In this approach, an early source language is identified (often called a proto-language) and the descent of a variety of languages from it is mapped onto a family tree.  It can be helpful and informative for teaching purposes because it clearly shows which languages are most closely related and will share similar structures and lexicons.
Here's an example of a frequent family tree for some Indo-European languages and similar diagrams can be drawn for other language groups.  Languages in black are extinct and other extinct languages such as Anatolian, Cornish, Prussian and other West Baltic languages and Tocharian are excluded.  Goidelic and Brythonic refer to branches of Celtic, not actual languages.


There is a much more complete diagram in Wikipedia (go to https://en.wikipedia.org/wiki/Indo-European_languages for more).

Note that this diagram is not at all complete.  It excludes all the Slavic languages along with the extant Baltic languages (Latvian and Lithuanian).  There's another, slightly different tree in the guide to the roots of English.
It's fairly easy to draw some inferences from charts like this concerning language kinship and similarities.


Word ordering

Languages, arguably, all contain common elements such as subjects, verbs, adjectives and so on and one way of classifying a language is to see what its usual word order is.  There is a guide to word order on this site from which this table is taken.  That guide also considers the ordering of other elements so little more will be said here.

The man took the money
The man the money took
Chinese languages
German (in both lists)
German (in both lists)
Persian (Farsi)

Note that this table contains most of the world's most widely spoken languages and those spoken by most people (not quite the same thing).


Language structure

By far the most useful way to classify language for teaching purposes is by their structures.  To do this we need to look briefly at the concept of the morpheme.

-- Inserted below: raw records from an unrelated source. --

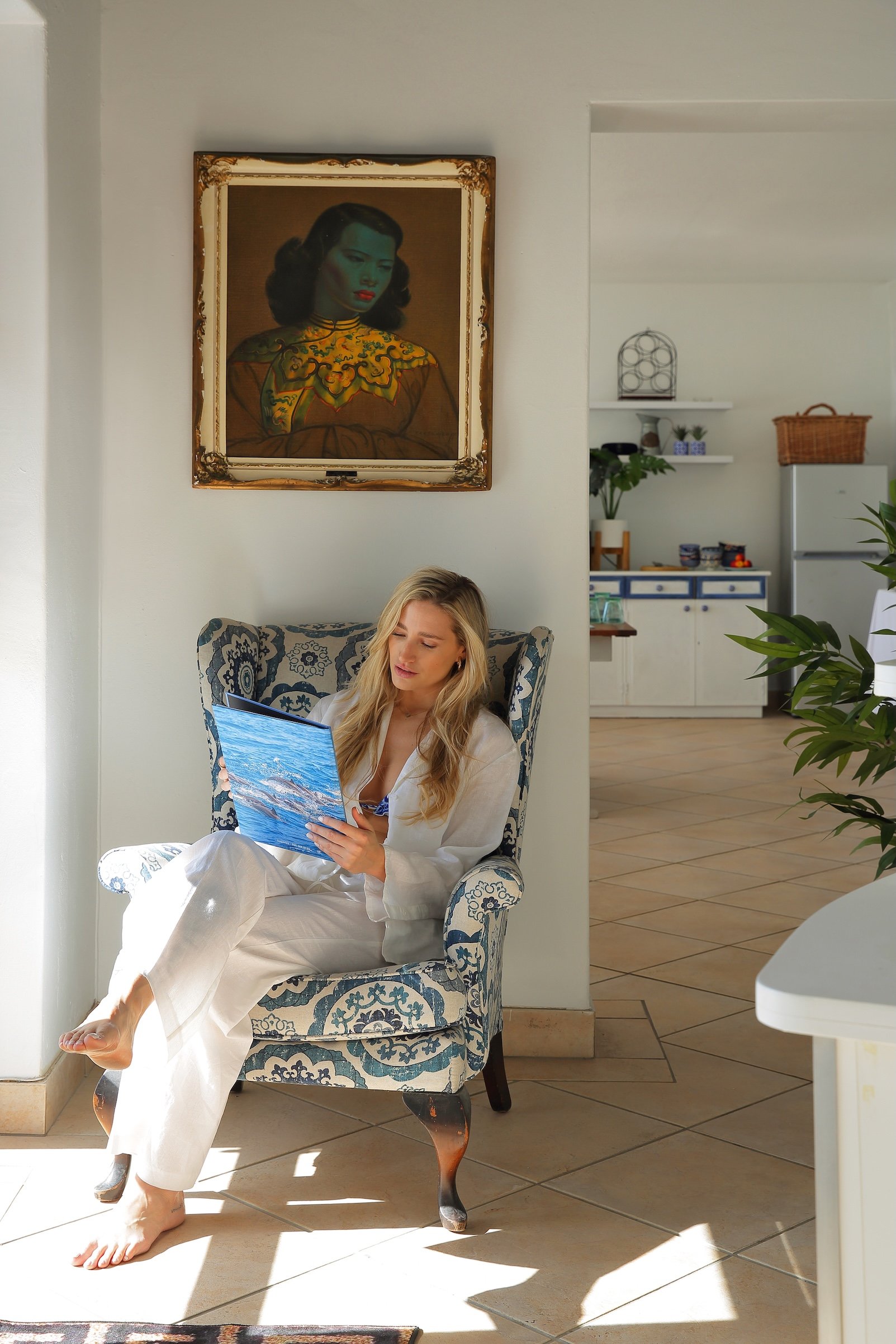 Guest relaxing in elegant lounge at Mykonos Guest House in St Francis Bay, featuring coastal-inspired interior and natural light.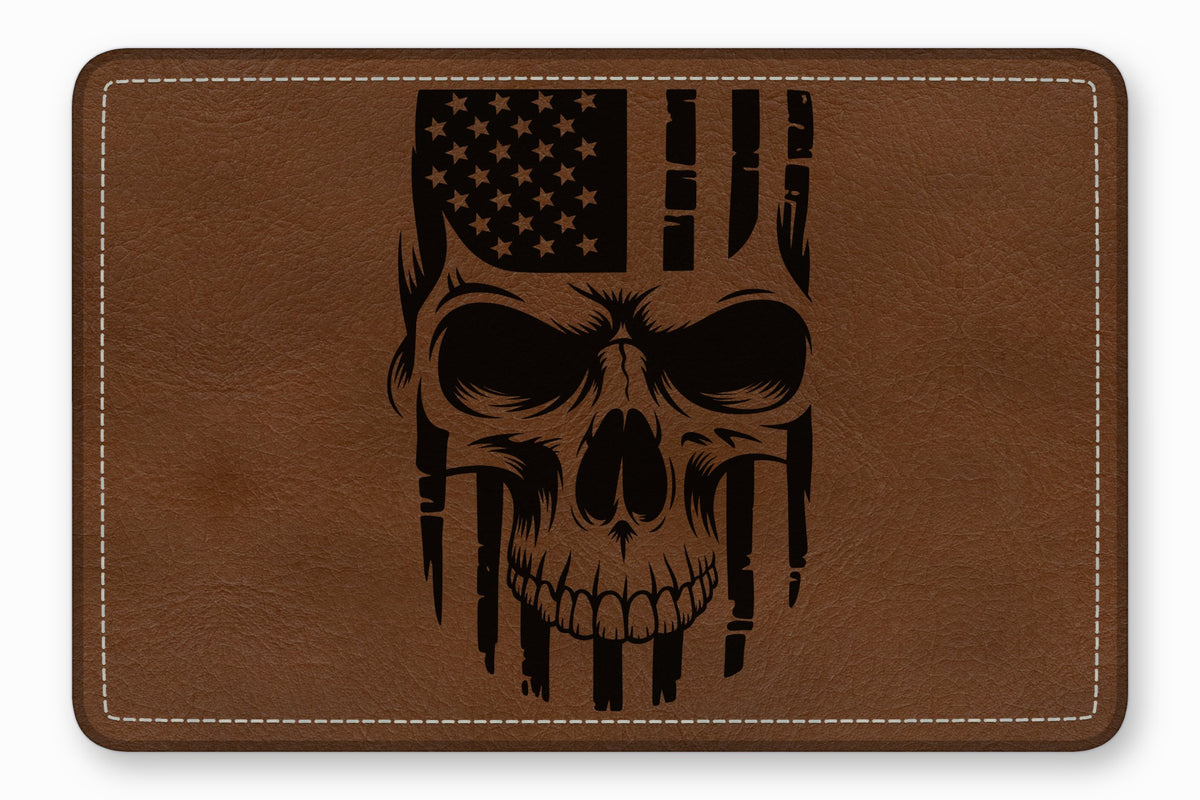 Brown leather patch with rounded corners and white stitching, featuring a black laser-engraved American flag skull design.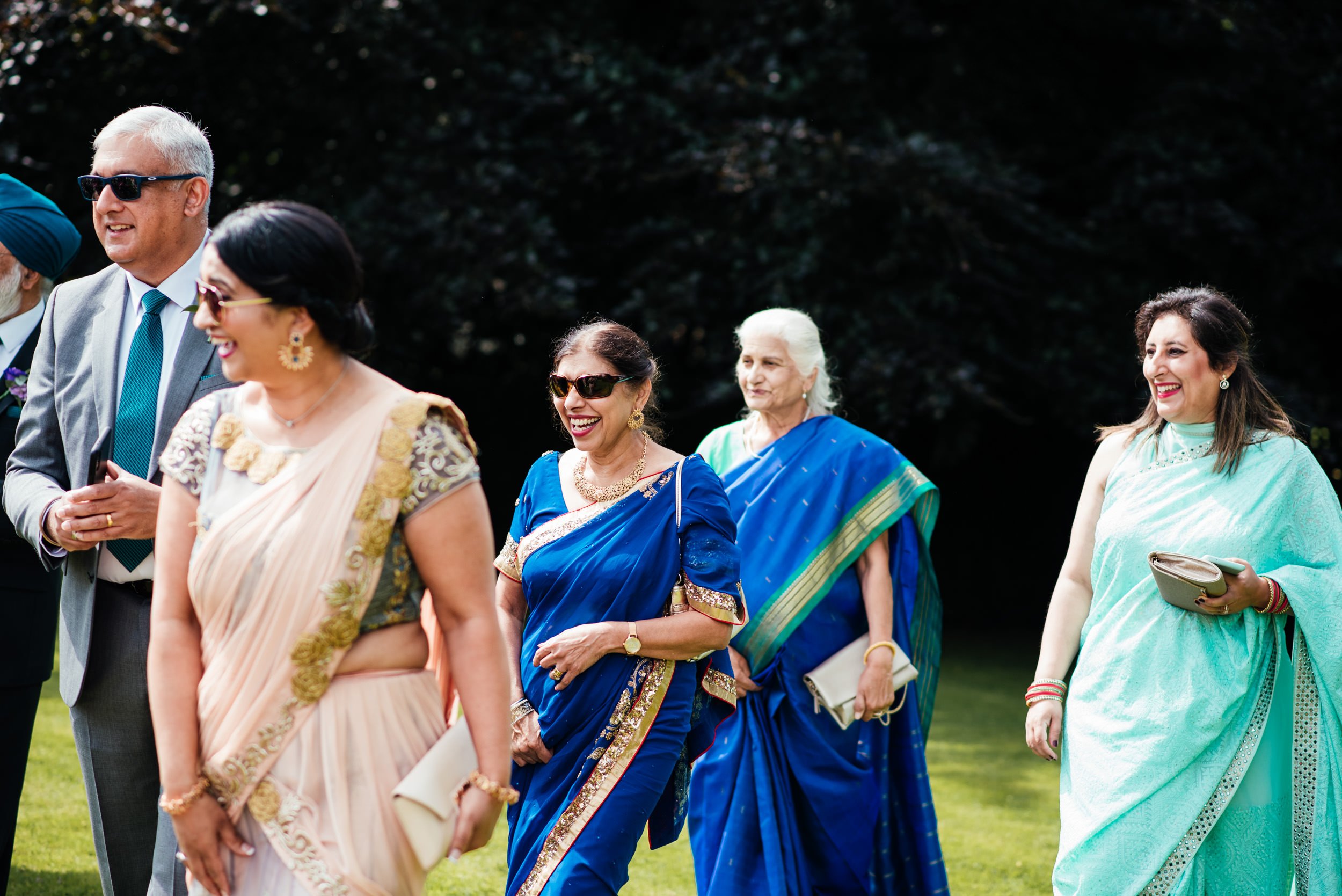 wedding guests arriving at the ceremony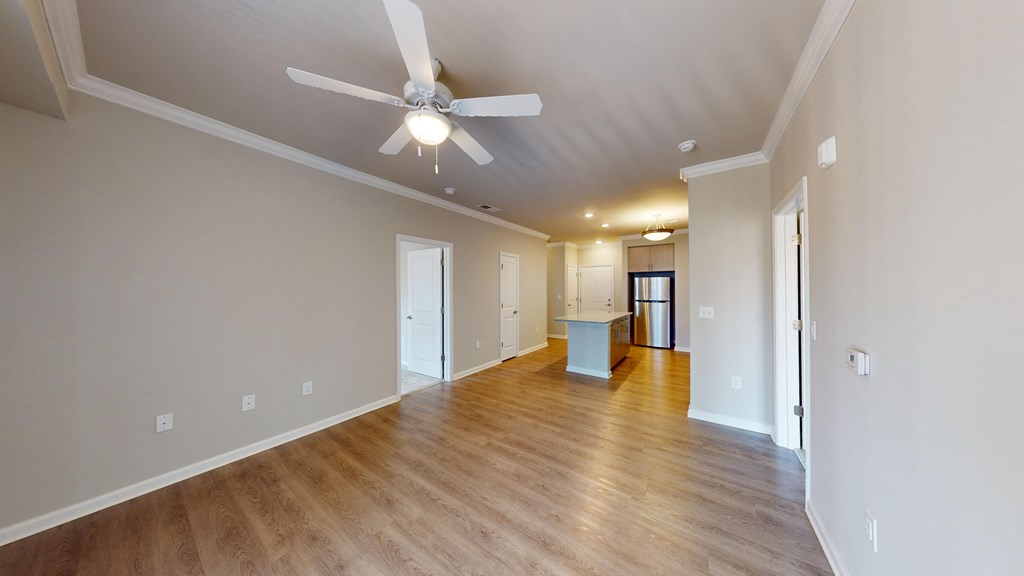 a living room with a ceiling fan and a hard wood floor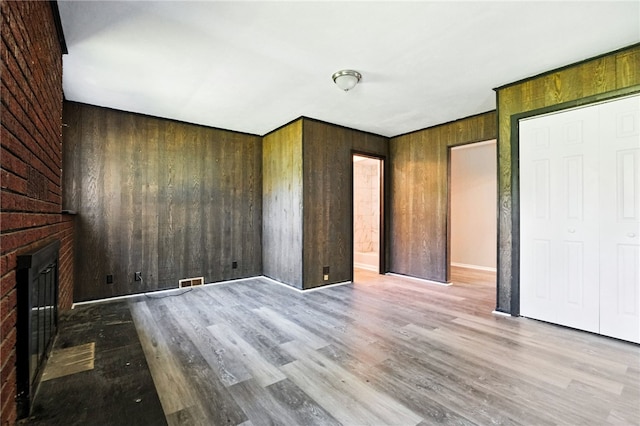 1014 Deerfield Dr, Elizabeth Twp/Boro, PA 15037 - unfurnished bedroom with wood finished floors, wood walls, and a brick fireplace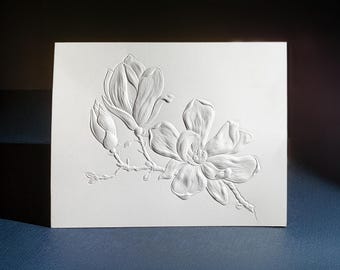 May include: A rectangular white greeting card featuring a central embossed design of a magnolia branch with one fully bloomed flower, one partially open flower, and one closed bud, all rendered in a raised, monochromatic white texture.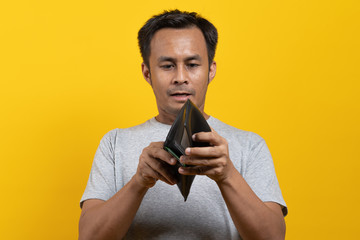 Financial bankruptcy man opening empty wallet isolated on yellow background.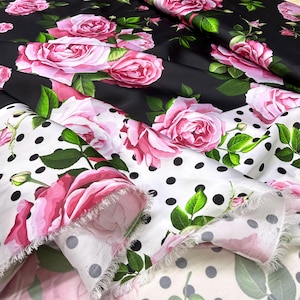 Puede incluir: Tela con estampado floral de rosas. La tela presenta grandes rosas rosas con hojas verdes sobre un fondo negro y un fondo blanco con lunares negros. La tela está doblada, mostrando los diferentes patrones.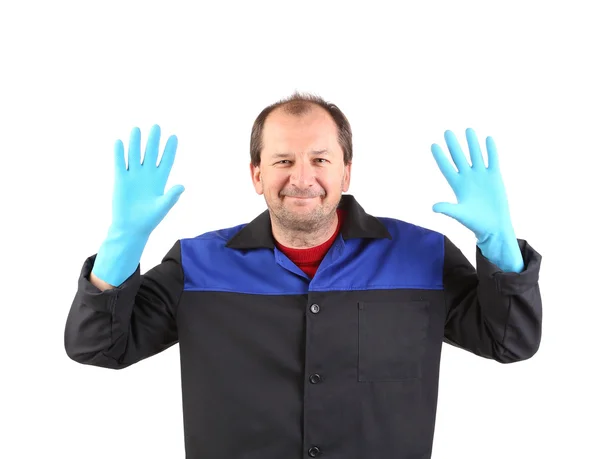 Hombre en ropa de trabajo mostrando las palmas . — Foto de Stock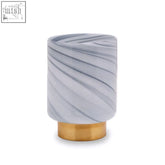 Cleo small grey vase featuring a sleek cylindrical grey glass body with marble pattern on a polished brass base
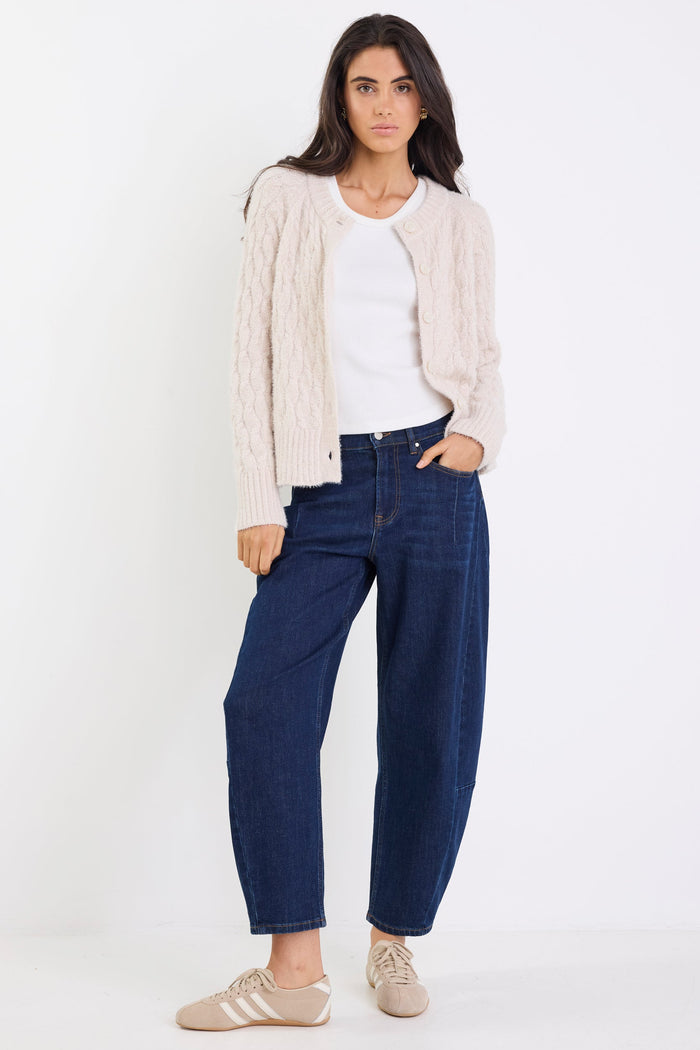 Woman wearing a beige cardigan, white shirt, and blue jeans on a white background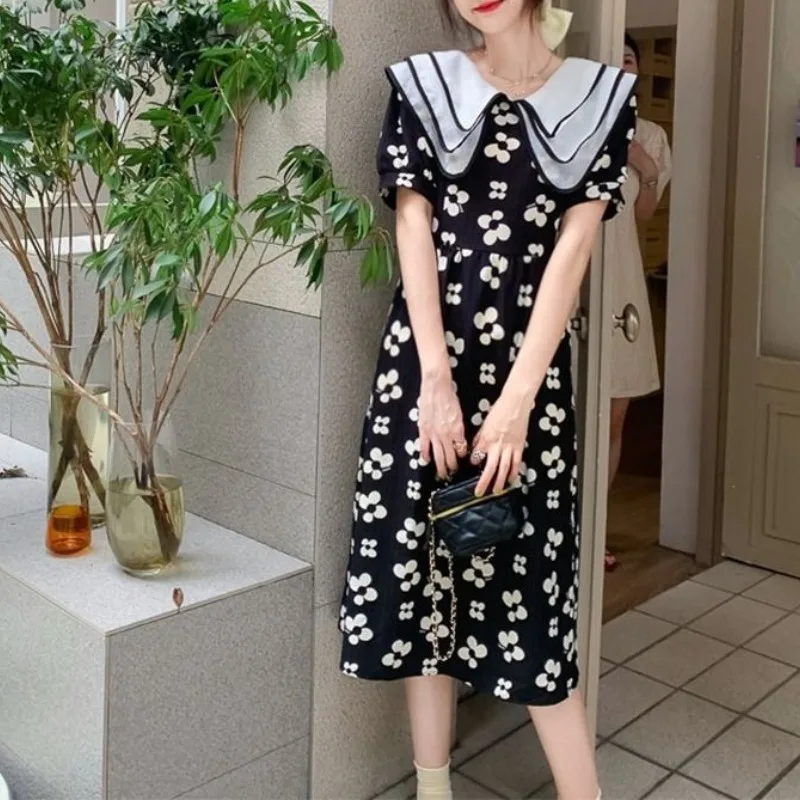 

Retro Loose Fitting Pullover Doll Neck Women's 2024 French Summer New Patchwork Printed Fashionable Casual Short Sleeved Dress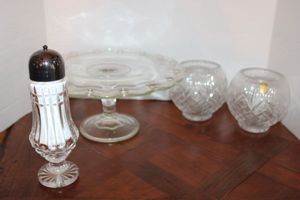 lot 58 image: Lead crystal shaker, Lead crystal bowls with votive candles and Clear cake plate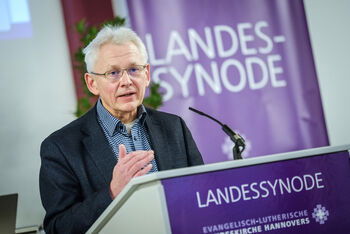 Eine männlich lesbare Person mit Brille und weissem Haar steht an einem Pult uns spricht.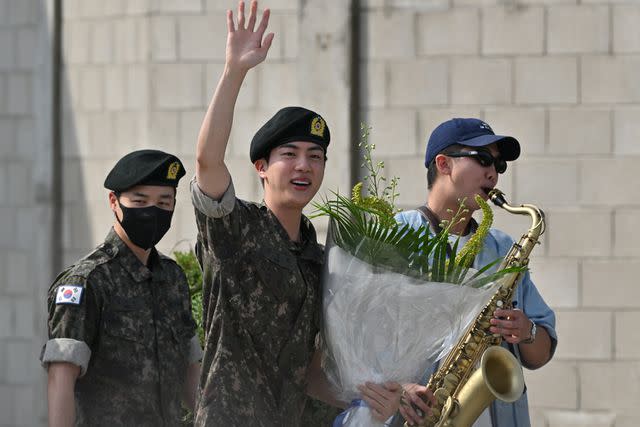 <p>JUNG YEON-JE/AFP via Getty</p> From Left: Jimin, Jin and RM on June 12, 2024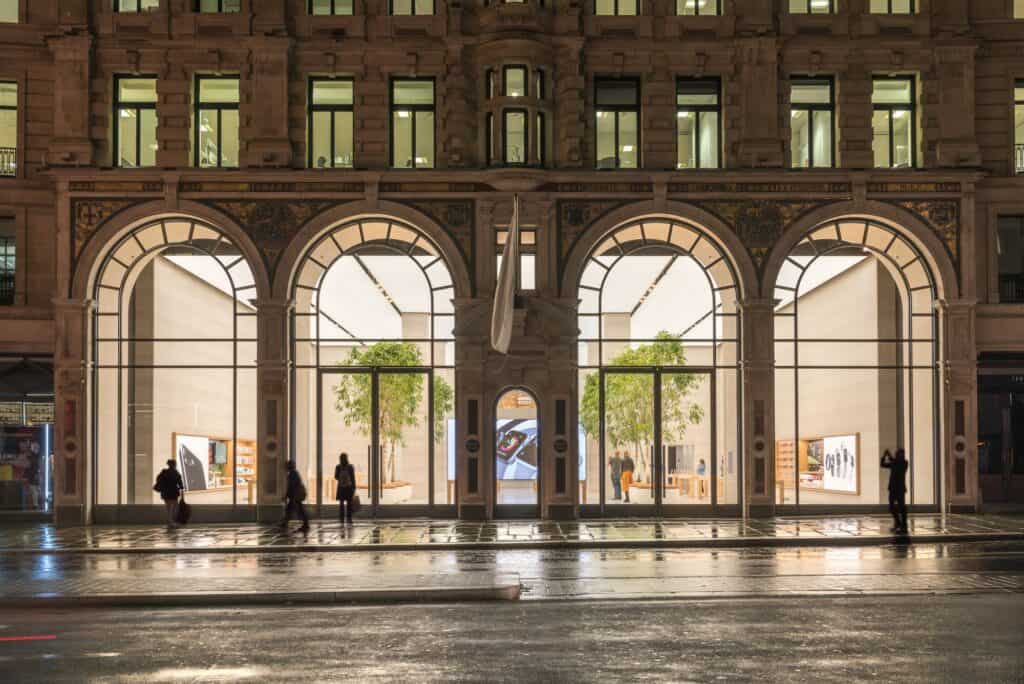 Night view of Apple Regent Street from the wet street, four full-height arched windows framing the trees and glowing interior beneath the stone facade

A morpheme is a meaningful unit of a language which cannot be further broken down.
For example, in the word washing there are two morphemes: wash and ing.  The first can stand alone and retain its meaning so is an unbound or free morpheme.  The second can only function as part of a word (here denoting the action of washing or the progressive nature of washing) so it is a bound morpheme.
Bound morphemes come in two sorts:

  • those that make things like past tenses, possessives and plurals are called inflexional morphemes.  An example is the -ed ending on a verb in the past tense in English.
  • those that concern deriving one word from another are called derivational morphemes.  Examples are deriving impolite from polite with the im morpheme or deriving hopeful from hope with the ful morpheme.

As a simple test, break the following down into its morphemes and then click here.

John's closeness to his brothers appeared obvious.

Although there are a number of problems with morphemic analysis, it is central to the science of language typology, as we shall shortly see.

Because no languages fall neatly into any particular category, it makes some sense to arrange them on a cline from language which use lots of morphemes to signal grammatical and derivational relationships and those which use none or very few.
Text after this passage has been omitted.